Which is why it hits so hard when the underlying atmosphere of untold stories Cuarón built for Roma smashes into the central narrative. The student protests, the class struggles, Cleo’s baby daddy’s martial arts all clash with Cleo’s giving birth during the Corpus Christi massacre. It’s an explosive and frankly heart pounding climax where Cuarón’s wide, focused scope goes from a fascinating technique to convey theme to a full blown historical epic. It’s one of the few moments where the scenes foreground the “action” and weave Cleo in and out of the background. The chaos of the moment is truly spectacular while also being gut wrenchingly brutal.6
You could also make an argument that Roma is Cuarón’s funniest film yet. Scenes of Sofia destroying Alfonso’s prized car—and the subsequent reveals of the more-and-more damaged car—or Cleo’s boyfriend doing martial arts completely naked and thinking he’s the coolest just exemplify how fully thought out and developed Roma was in Cuarón’s mind before he brought it to life. The comedy, however, often underpins the melancholy of the film. Everything is funny… until it isn’t, so to speak. It’s a really elegant way of balancing a “serious drama” while not having your film cut too far into misanthropy.
I’ve gone on ad nauseum about Cuarón’s filmmaking, but the performances here are stellar as well, with Yalitza Aparicio’s meek and anxious Cleo and Marina de Tavira’s “barely keeping her head above water” Sofia standing out as their two characters drive the film’s story. The tension between the two women, who according to Sofia “need to stick together,” is palpable primarily through their performances. At times they have a warm, loving relationship, but other times Sofia’s anger gets the best of her, and Cleo is the easiest target because she’s not really family.

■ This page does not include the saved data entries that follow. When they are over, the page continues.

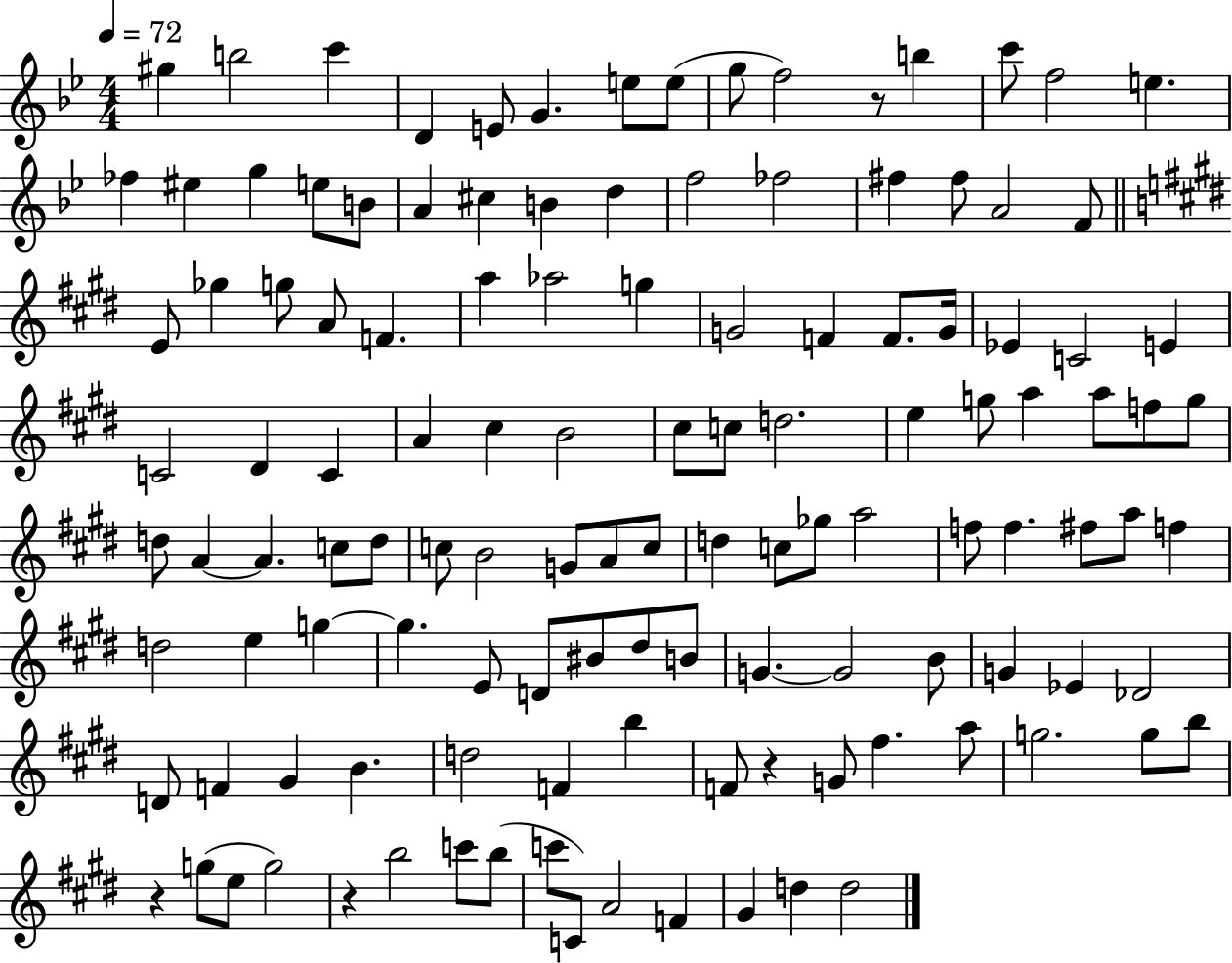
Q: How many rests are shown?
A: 4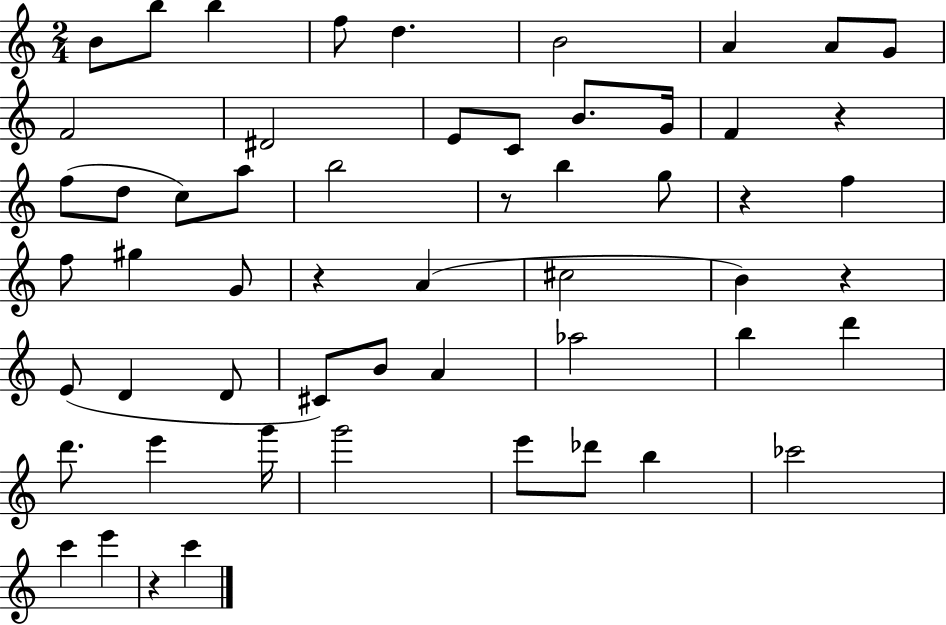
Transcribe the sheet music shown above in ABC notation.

X:1
T:Untitled
M:2/4
L:1/4
K:C
B/2 b/2 b f/2 d B2 A A/2 G/2 F2 ^D2 E/2 C/2 B/2 G/4 F z f/2 d/2 c/2 a/2 b2 z/2 b g/2 z f f/2 ^g G/2 z A ^c2 B z E/2 D D/2 ^C/2 B/2 A _a2 b d' d'/2 e' g'/4 g'2 e'/2 _d'/2 b _c'2 c' e' z c'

This might be a Netflix original and will be only receiving a limited theatrical run, but you should absolutely see this on as big of a screen as you can, as watching it on a phone or a laptop or even a 40 inch TV wouldn’t do this film justice. Intimate, and yet all encompassing in scope, Roma is one of the year’s best films and is every bit deserving of the rapturous acclaim it has received thus far.
- This is almost certainly because I am a monster, and I accept this.
- Sofia tells the kids he’s at a conference in Quebec, which is both sad and a somewhat amusing substitute for “banging some floozy.”
- Cuarón cleverly uses our canine companions as a motif throughout the film. Dogs might be “family” but they’re also still animals and aren’t really a part of the real family. Just like Cleo.
- Another one of Cuarón’s motifs that litters the film.
- For the real cinematography and/or math nerds like our own Mavis, Roma features an insane amount of “golden ratio”-ing.
- Expectant parents, you might not want to see Roma for a bit. As one myself, the film’s climax almost made me leave the theater with a pit in my stomach.